With OpenClaw, I'm patching compiled JavaScript in node_modules because a version update broke echo detection in self-chat. That's not a mature platform. That's a hobby project with 247K GitHub stars.

What's Actually Missing

The hype around OpenClaw is real. The downloads are real. But I think a lot of people install it, play with it for a day, and then aren't sure what to do with it. The missing piece isn't features — it's trust.

Stability. Auto-updates that introduce regression bugs in core messaging functionality aren't acceptable for something people rely on daily. The version I was running worked perfectly until it didn't, and the failure mode was silent token hemorrhage.

Skill quality. The community skills ecosystem is a mess. There's no curation, no compatibility matrix, no testing requirements. Anyone can publish a skill that does anything. Some are excellent. Some are dangerous. You can't tell which is which without reading the code.

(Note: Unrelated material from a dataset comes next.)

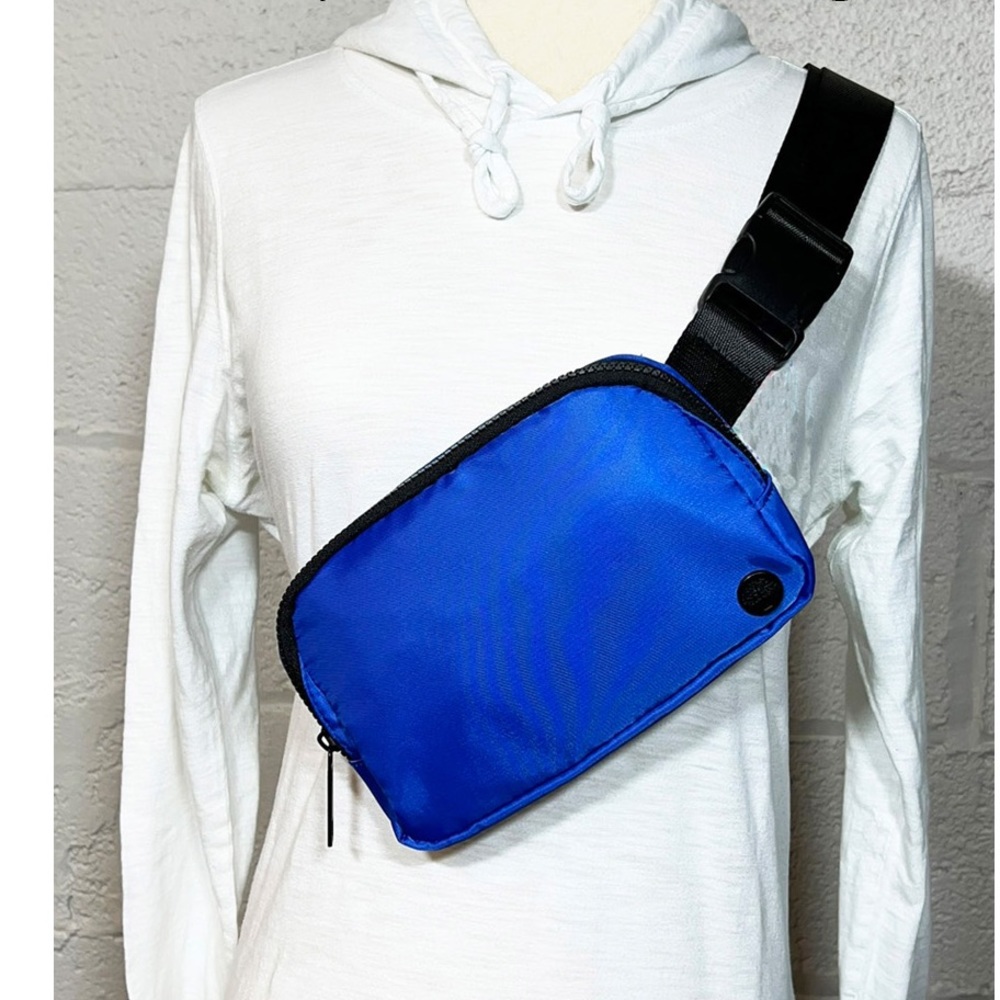 Belt bag/ fanny bag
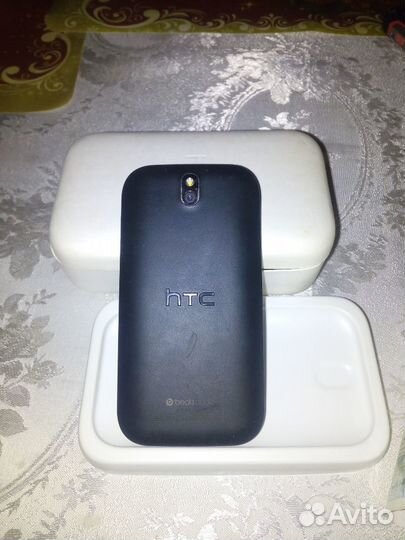 Продам телефон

Scope clarity. OpenClaw tries to be everything — personal assistant, home automation hub, messaging platform, social network participant. Each of those has real security implications. The permissions model hasn't caught up with the ambition.

For OpenClaw to grow beyond a power-user toy into something genuinely dependable, it needs the boring stuff: standardized skill review, semantic versioning with actual compatibility promises, and an update process that doesn't silently break working configurations.

None of that is glamorous. All of it is necessary.

The trust gap: what OpenClaw has vs what it needs

Wrapping Up

My son's AI tutor is working again. The echo loop is patched, the cron jobs are running, and this morning he got a message about how octopuses have three hearts. No infinite self-conversation this time.

The whole episode burned through more tokens than I'd like to admit, but it was genuinely instructive. Not every tool needs to be enterprise-grade to be useful — but you should know exactly where the edges are. With OpenClaw, the edges are closer than the star count suggests.

I'll keep using it for the tutor setup. It's a good use case: low stakes, bounded scope, easy to monitor. For anything beyond that, I'm sticking with tools I built myself. Not because I'm against open source — but because when your AI agent decides to have a spirited debate with itself at 3 AM, you want to be the one who understands why.